Thursday, May 10, 2012

Six Questions for M. R. Branwen, Editor, Slush Pile Magazine

Slush Pile Magazine publishes literary short fiction to 7,000 words. In addition, essays and poetry will be considered. Learn more here.


SQF: What are the top three things you look for in a submission and why?

MRB:

a. The prose must be transparent and elegant. Transparent in the sense that the words should be a conduit into the story by means of which I am being carried along. But I should never be made aware of the mechanism. There should be no stumbling over awkward syntax or affectation. I should almost be unaware that I am reading.

But simultaneously, in the part of my mind that is listening, not translating, the words should be reverberating. Because they should have personality and cadence. Ideally, I will wake up in the middle of the night and realize that I am ruminating on a passage of the story.

b. There should be tremendous momentum. From the opening sentence, my mind ought never wander -- and not because there is action taking place in the plot, but simply because the pacing is appropriate. I notice that in an effort to bring readers into the characters' reality writers will spend time dwelling on minutiae. There is a place for that, sort of, but that is often where writers lose me. 

c. Ideally, after that, is some kind of narrative arc. Your story and characters should progress, they should accomplish something. This is not nearly as important as the first two points, except when a story has gotten off to a good start and then suddenly falls off of a cliff. That's actually how we talk about it in our readers' notes to each other, by the way, because it is such a common occurrence. Why spend all the time and effort crafting a story to just suddenly abandon it at the end?


SQF: What are the top three things that turn you off to a submission and why?

MRB: I don't know if I can do a top three, but common culprits include too much dialogue and too many adjectives. And, you know, the absence of everything I noted in response to question #1. 


SQF: What advice can you offer new authors hoping to publish their first submission?

MRB: Write prolifically and join a workshop. Then write more. Then take your favorite story, scrap it entirely and without looking at the first version, write a new version. Do that again a few times. Once you have done that, you will have a much better perspective on the story, which parts of it are actually important, and which version is actually working. After that, submit. But, realistically, you're going to be rejected on your first go-round.

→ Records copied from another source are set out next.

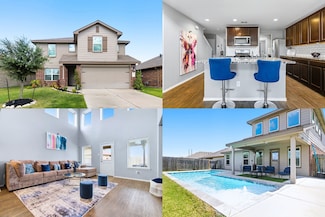 935 Bright Lotus Ln, Rosharon, TX 77583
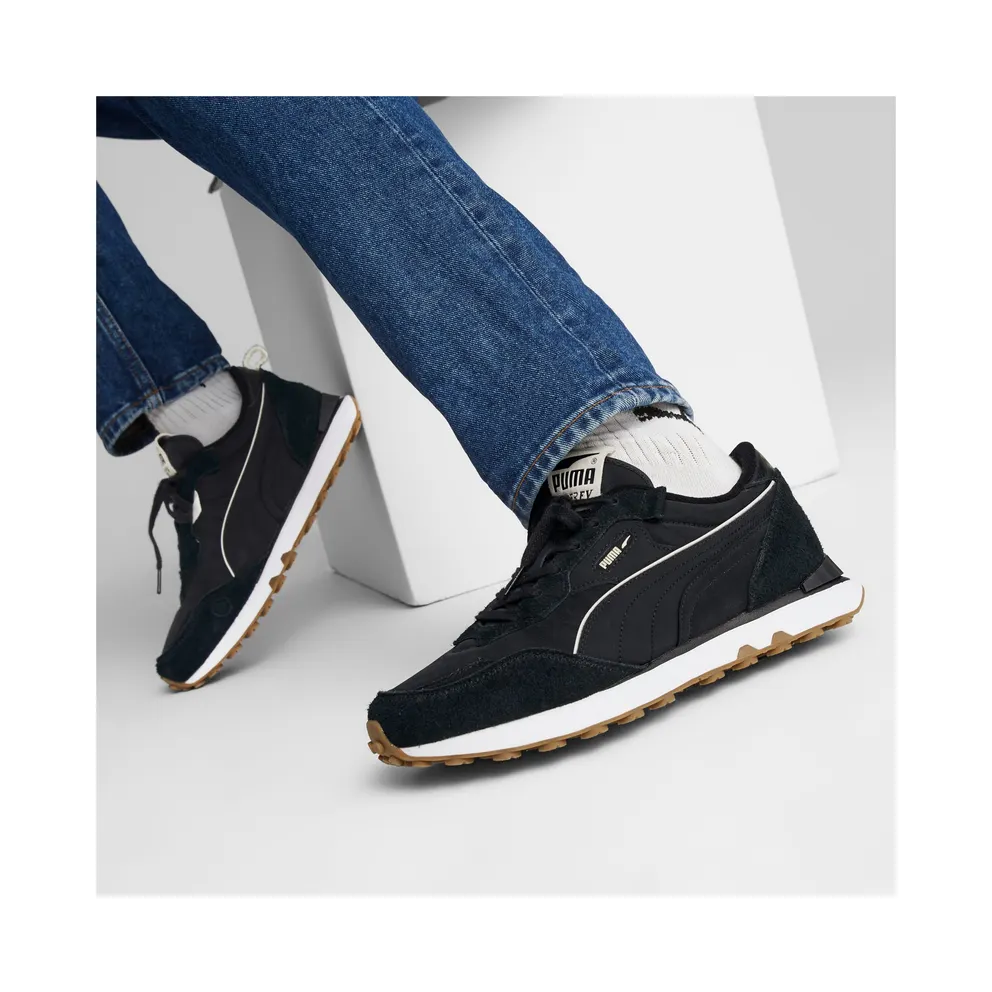 Puma Rider FV Worn Out Black (39016702)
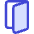 Door Open House Entrance Access Icon from Core Duo Set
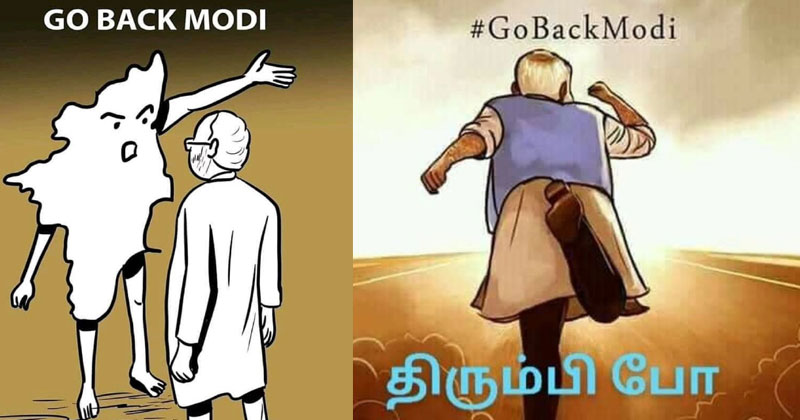 GoBackModi-Hashtag-Twitter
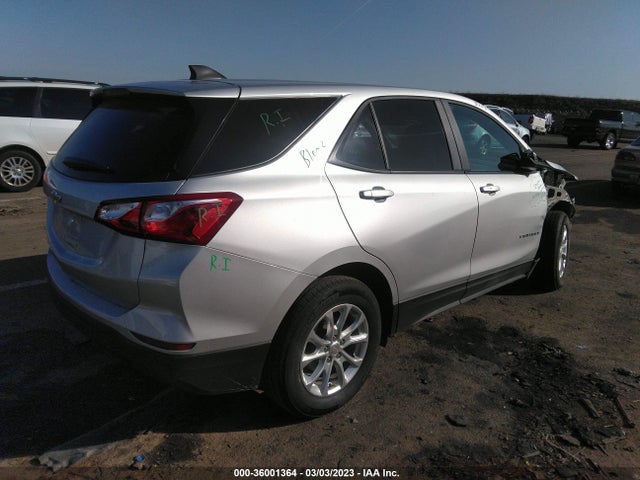 Chevrolet EQUINOX LS 2021 3GNAXHEV2MS170322 Image 6
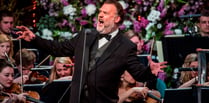 Sir Bryn Terfel urges young Powys singers to enter competition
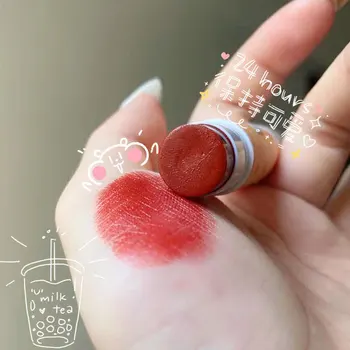 FAICCIA Vlažilno šminko pumkin Jujube rdeče svilnata krema za ustnice trajne nepremočljiva nemoteno poceni šminka AC278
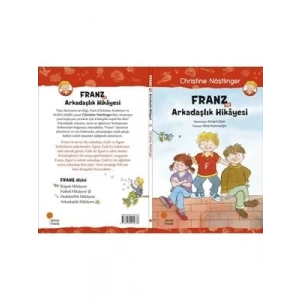 3E Grup - Franz ve Arkadaşlık Hikayesi-günışığı Kitaplığı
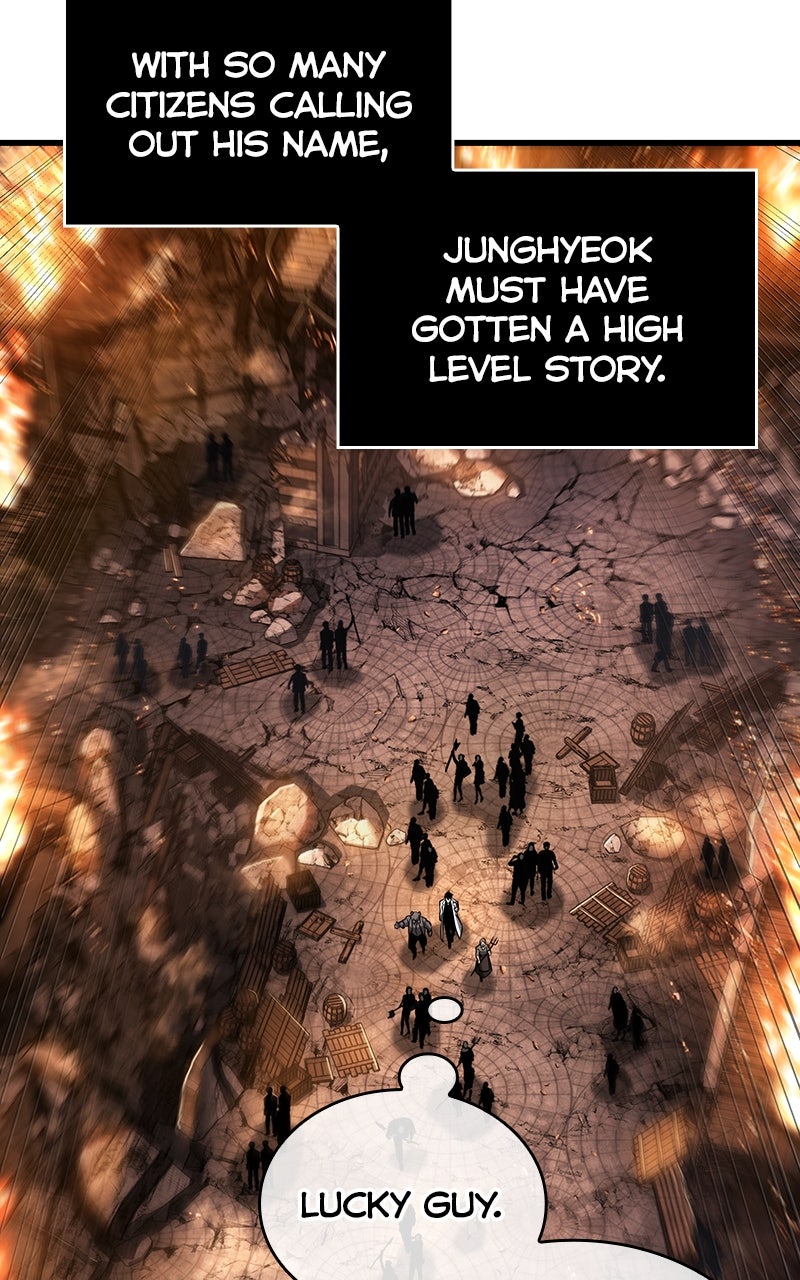 Read Omniscient Reader's Viewpoint EN Manga Online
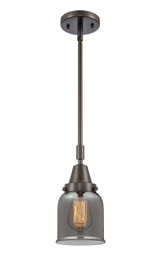 Mini Pendants Glass Down by Innovations ( 405 | 447-1S-OB-G53-LED Caden ) 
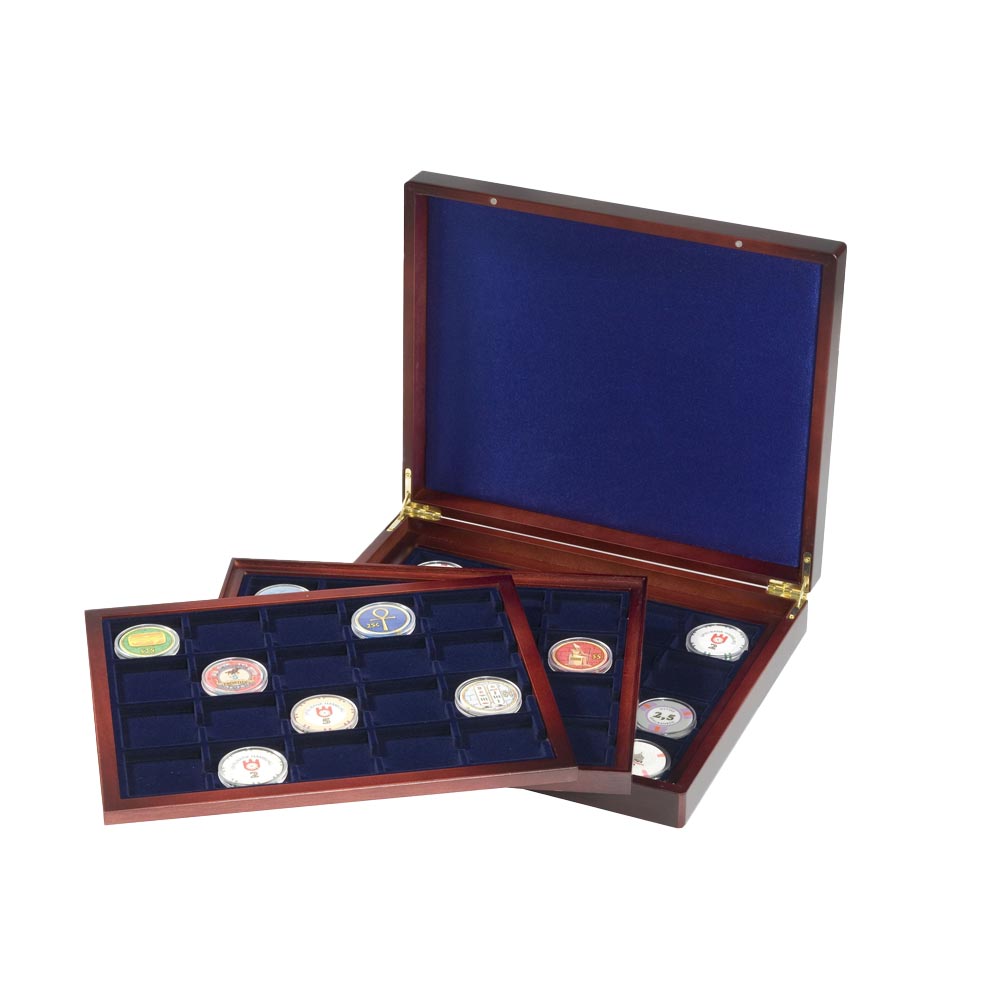 Coffret numismatique VOLTERRA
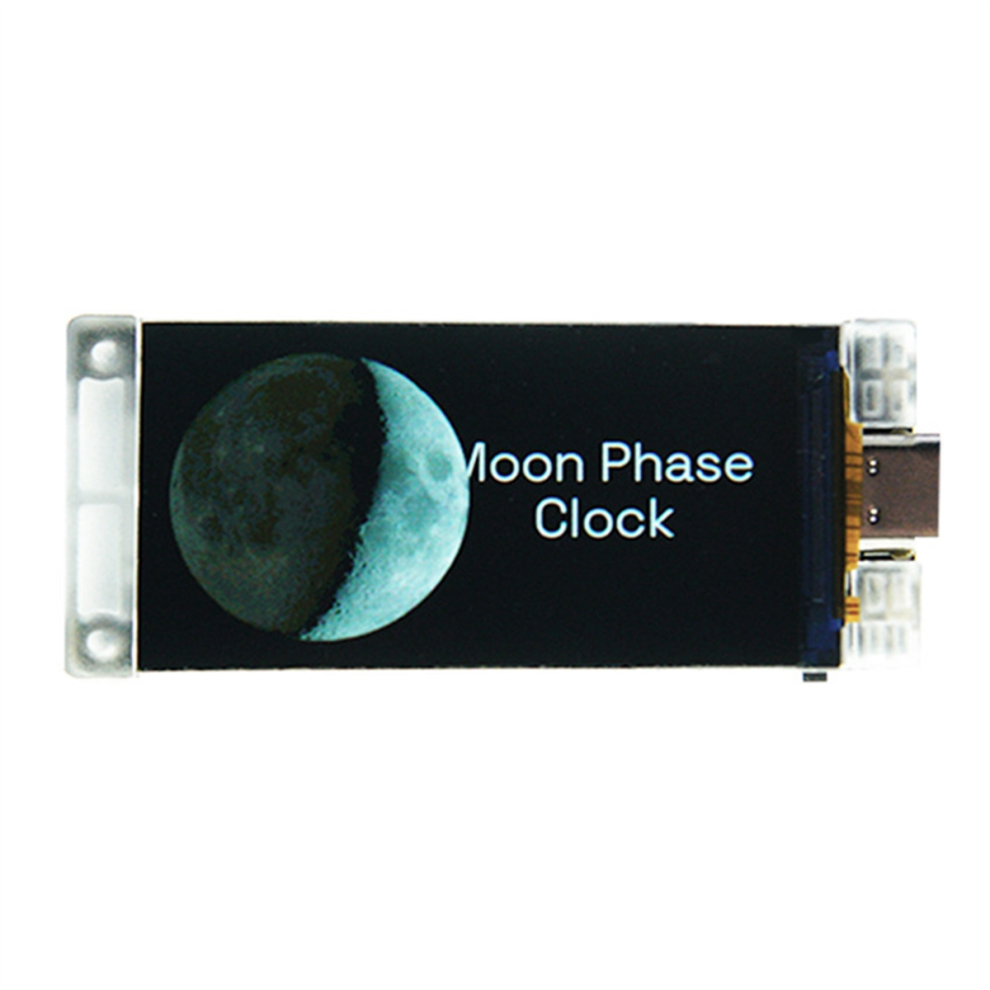 1.9 Inch TFT Color Screen ESP32-R8 Module SX1262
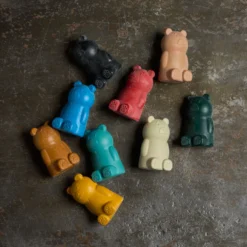 Set de crayons - Oursons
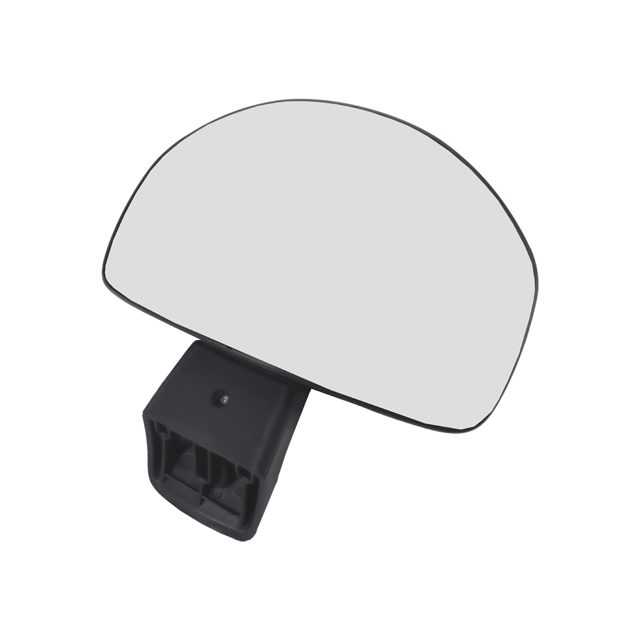 MIRROR HEAD 319 X 187MM RH MAN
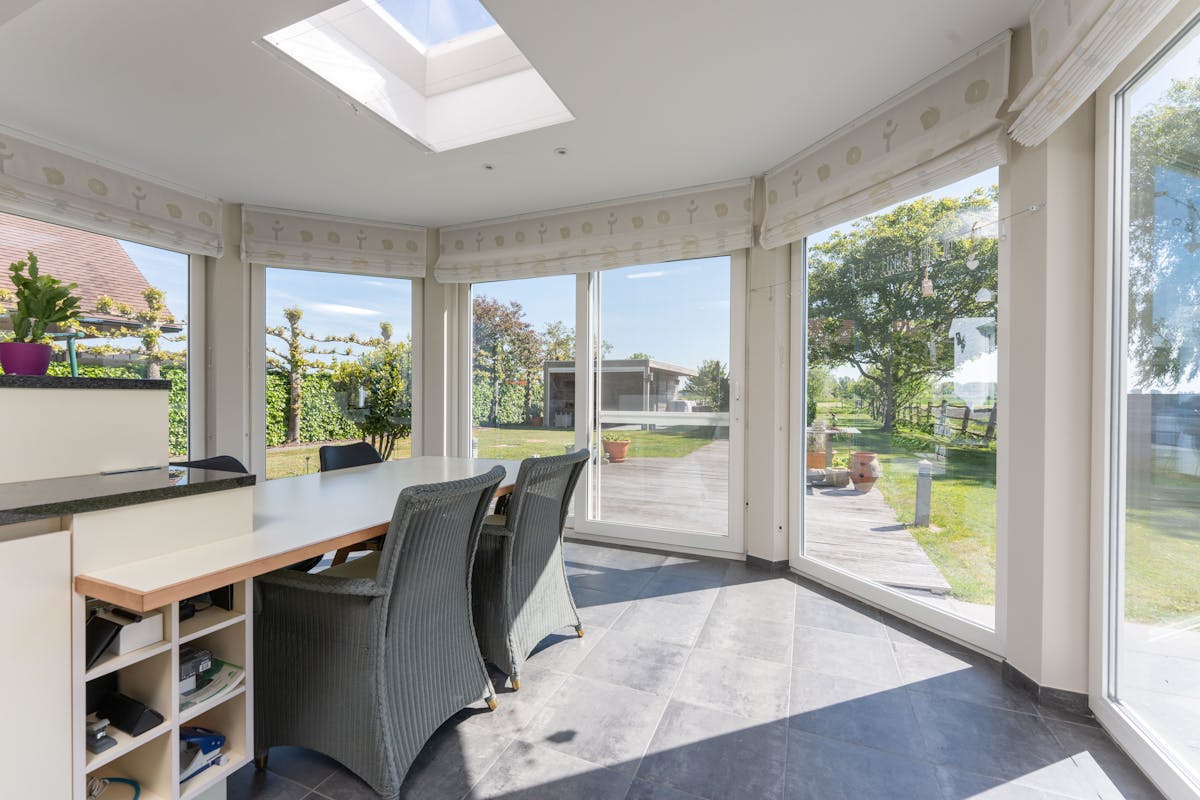 Unieke villa met prachtige zichten te koop in Knokke-Heist - foto 5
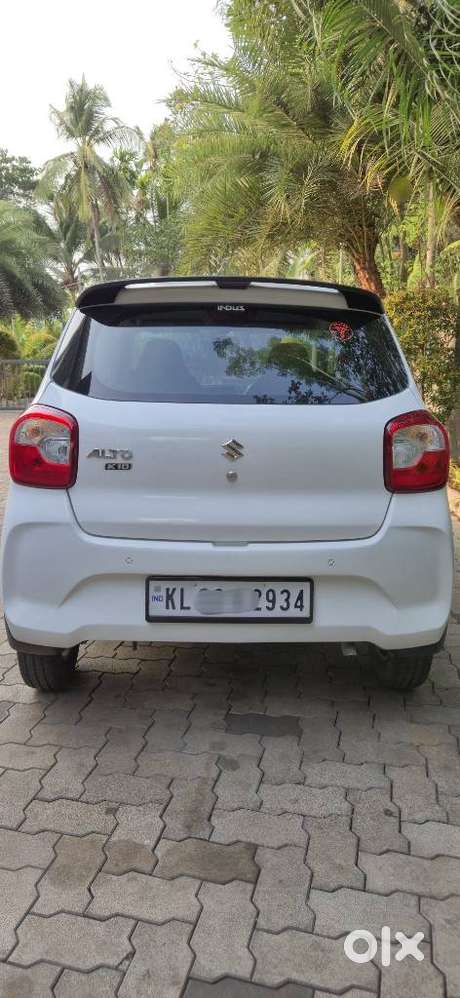Maruti Suzuki Alto K10 Plus Edition, 2023, Petrol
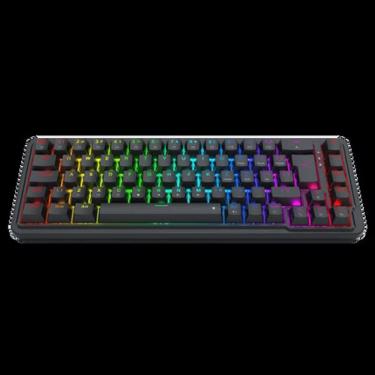 Imagem de Teclado Redragon Mecanico Gamer Nova Rgb Preto K709-rgb (pt)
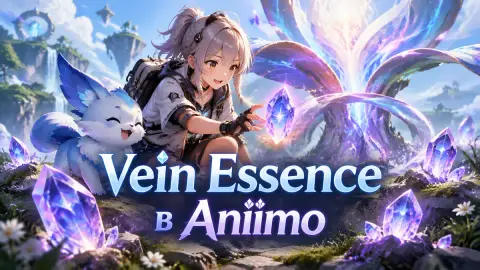 Vein Essence в Aniimo: как получить и потратить с толком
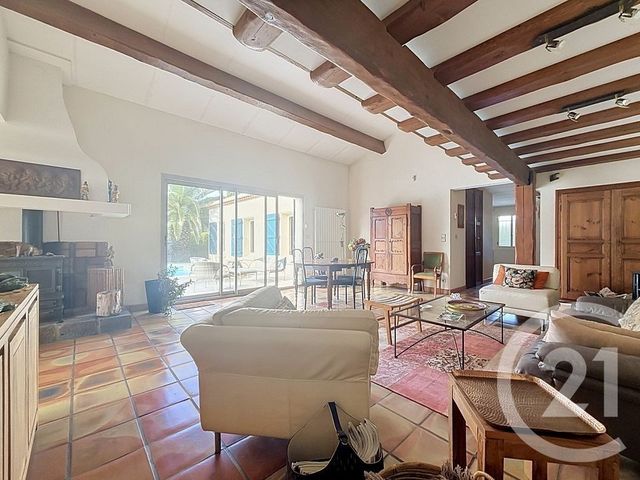 maison à vendre - 5 pièces - 168.98 m2 - AGDE - 34 - LANGUEDOC-ROUSSILLON - Century 21 Vue Sur Mer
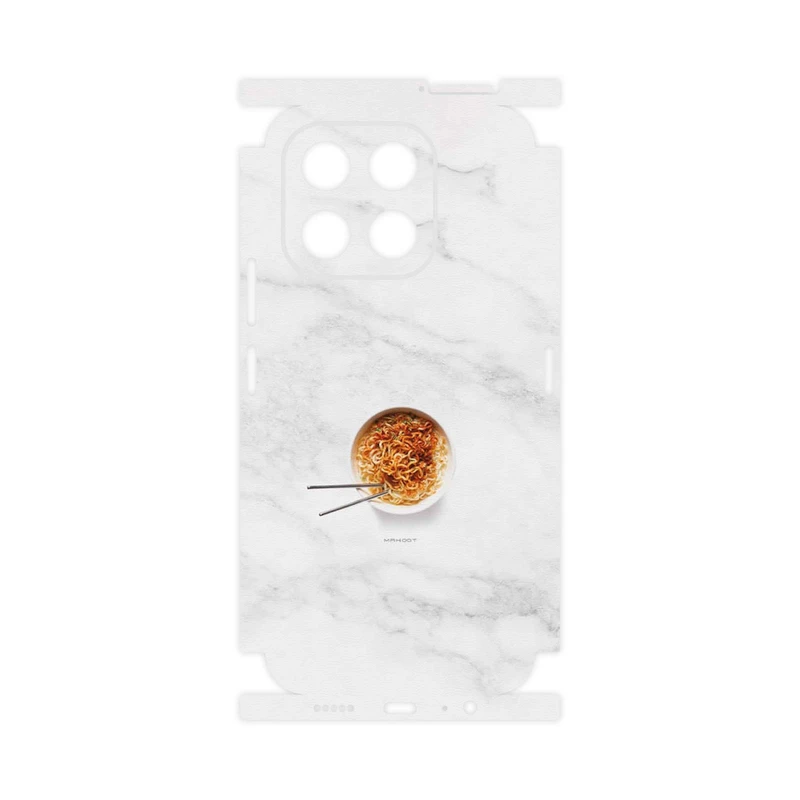 برچسب پوششی ماهوت مدل Noodle-FullSkin مناسب برای گوشی موبایل آنر X6c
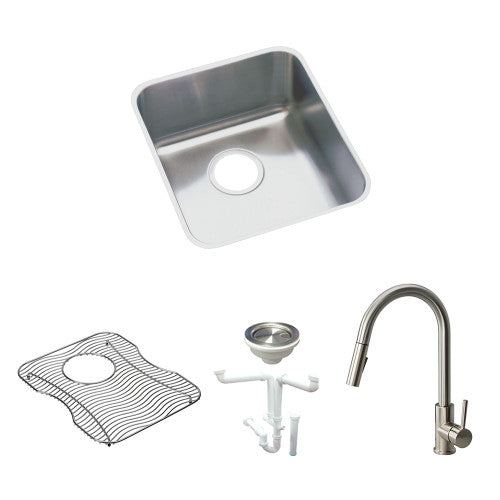 MULTI VENDOR KIT PARENTS KF-ELUH1316 SINK DISPOSALS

There isn't an easy answer to getting a submission accepted; it's not like you can trick an editor into selecting your story by implementing a strategy. It has to be a solid story and it has to suit the editor's taste. In order to accomplish the first point, you have to work diligently. Blood, sweat, and tears and all that. There's no getting around it. The second point is just a matter of identifying your market. Hone in on a few publications whose aesthetic you really admire and get on in there.


SQF: Do you provide comments when you reject a submission?

MRB: I will always give feedback if it has been requested.


SQF: What do you consider to be the primary responsibilities of an editor?

MRB: I can only speak for myself, here, but my primary objective is to find and champion new, great work. To find the people who are writing it, and to help them further their careers.


SQF: What one question on this topic do you wish I'd asked that I didn't? And how would you answer it?

MRB: I don't know what the question would be, but I'm just going to offer a bit of unsolicited advice (that has most likely been offered to you by everyone who has ever given you advice about writing, not to mention all of your high school English teachers and Ezra Pound). If you want to be an excellent writer, you must read a lot, and you must read almost exclusively good writing -- preferably writing that has a bit of distance from your own day and age. Because whatever you put into your brain is what will be coming out on the page. What you read affects your vocabulary, your syntax, your internal dialogue. I would go so far as to say it affects the way you interpret the world. So just as you would eat healthier foods to obtain a healthier body, you have to read quality literature if you want to produce a quality body of literature yourself. And then, as I said above, WRITE A LOT.

Best of luck to you!

Thank you, Rachel. We all appreciate you taking time from your busy schedule to participate in this project.